As the Congregational Church completes the commemoration of its 300th anniversary, a celebration of its past, the congregation looks forward to the future. The second oldest church in Connecticut, this historic institution, originally a meeting house, now the United Church of Christ, understands the treasure and the tradition it has inherited, while embracing today’s world.
“We, the congregants of the Hampton Congregational Church, have come together to worship God since 1723,” their philosophy states. “Recognizing insensitivities and prejudices that segments of our society experience, we want it known that we extend welcome to all.”
This is their vision. And their minister, Paula Mehmel, is the perfect pastor to support it.
While I’ve attended a number a services since Pastor Paula’s arrival here a year ago, and have been mightily impressed with her sermons, this is the first time we’ve actually met. She introduces herself with a picture on her social media page of the snowy landscape in Antarctica where she’s wearing a penguin costume beneath a banner that reads – Protect Trans Lives – and tells me, “This is everything you need to know about me”. I’ve been following her page ever since, and am equally impressed with the words of wisdom she shares there with others.
Pastor Paula started her ministry in her native Minnesota, where she served for three years, and then moved to North Dakota where she served as a minister for 25 years. We share some of our experiences with the Native Americans of that region, and my heart is warmed with her respect and concern for these marginalized people, our nation’s first. She came to Connecticut when her two sons were at Harvard; she knew they would remain on the east coast. Here she served as a Lutheran minister for five years in Hartford, retiring after 33 years in the ministry.
Retirement offers more time and freedom for one of her several loves: travel. With her recent trip to Antarctica, she can make the claim that she’s visited all seven continents, and perhaps is the only pastor who has slept in a tent in all seven of them, including Antarctica, and has a photograph to prove it. She is also probably the only pastor who wore a penguin costume while there.

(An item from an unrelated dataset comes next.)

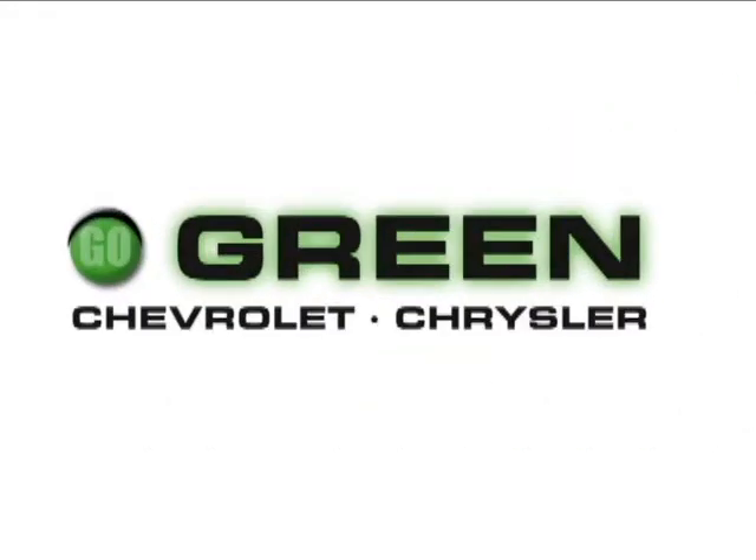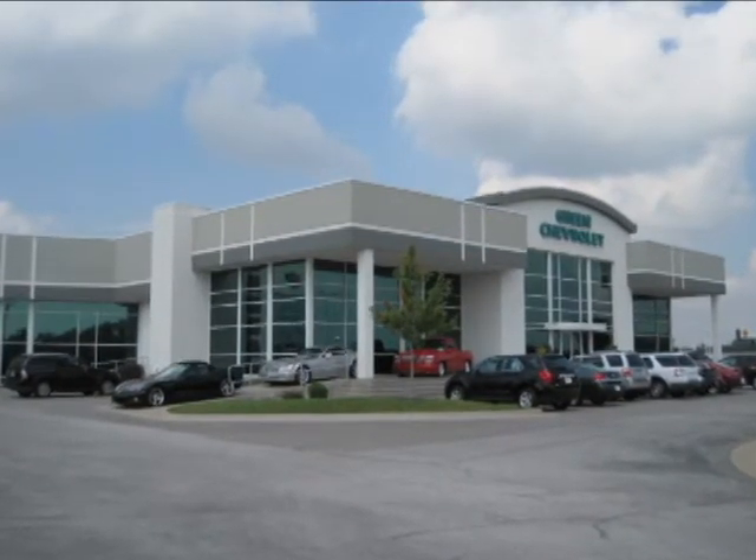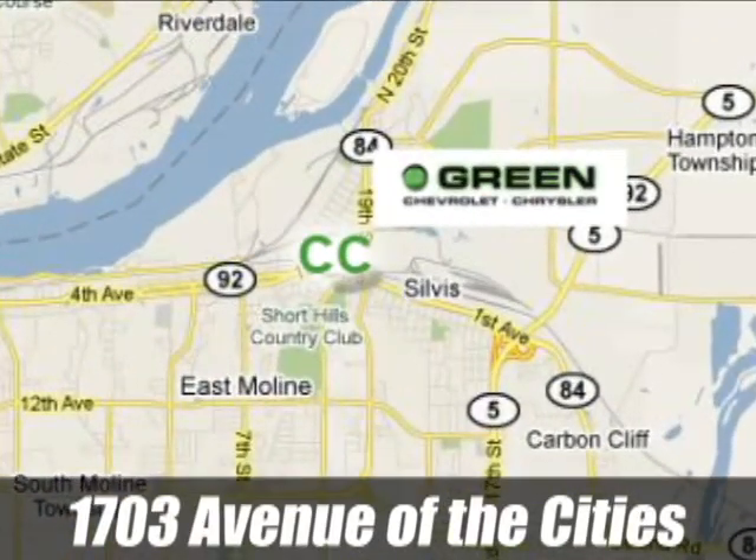Go green at Green Chevrolet Chrysler. Email or call us today to schedule a test drive or stop on by. We're conveniently located just off Avenue of the Cities in East Moline, Illinois.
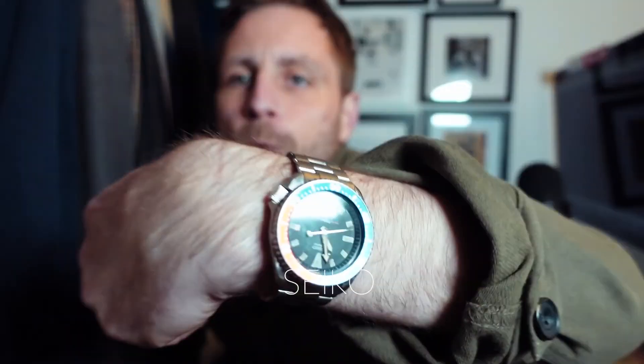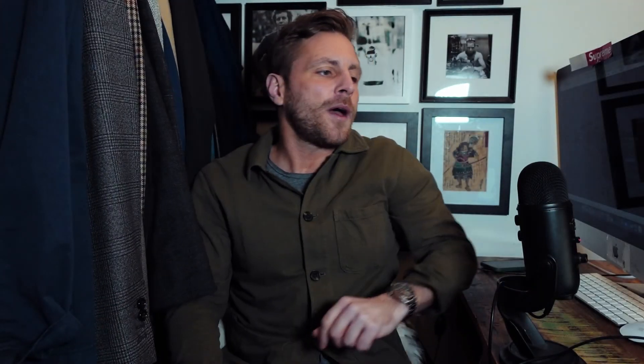I don't actually have it here right now — I'm actually just wearing the vintage Pepsi we have in store. Because it's in storage, but what I will do is film some other stuff to show you now.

She also has more time for charitable works. She is part of the South Sudan Leadership and Community Development, whose mission is to “nurture and equip South Sudanese Refugees to build healthy and hopeful communities through sustainable co-operatives, women’s empowerment and peace building initiatives.”
“It’s a passion of mine,” she says of her work with refugees from South Sedan in refugee camps in Uganda.
Retirement also affords her more time to explore her art, to employ her considerable talent, knowledge and personal experience to assist others with their struggles. Having earned a degree in English and a doctorate in preaching, Pastor Paula hosts a pod cast, “Relentless Grace”, for those “who are seeking an authentic unbridled faith connection with Jesus that is relevant in the 21st Century,” and is currently writing a book about the death of her ex-husband. Seven years after their divorce, she held his hand while he died of illnesses related to alcoholism. The book, she says, is about how to divorce a disease, and not the person with it.
These would seem enormous undertakings for most, but Paula has “the heart of a pastor” and missed serving a parish. The United Church of Christ here in Hampton proved a “great fit” – a part time position, with one Sunday a month to herself. Importantly, she loves Hampton, the congregation and the community, admires the sense of history and pride here, and appreciates this “welcoming place”.
“Whoever you are and wherever you are on your journey of faith”, their vision states, “know that you are welcome here.”
As an “open and affirming” Church, the congregation believes: “we are called to love one another and ourselves as whole persons”; respects “the worth and dignity of all persons”; celebrates and honors “human relationships based on love, respect and responsibility toward one another”; and promises “to support one another in our personal struggles to understand and accept differences in one another.”
In other words, words written two thousand years ago:
Thou shalt love thy neighbor as thyself. ” —Mark 12: 31
Too often we forget, in our society of the last three hundred years, the diversity amongst ourselves, young and old, native of Hampton and newcomer, conservative, liberal, rich and poor. The centuries old church, the centerpiece of our colonial village, its rainbow ribbons decorating the façade, blending old traditions with new world views, serves as a model with its common goal: “a desire for community,” says Pastor Paula, “and a spiritual focus in life.”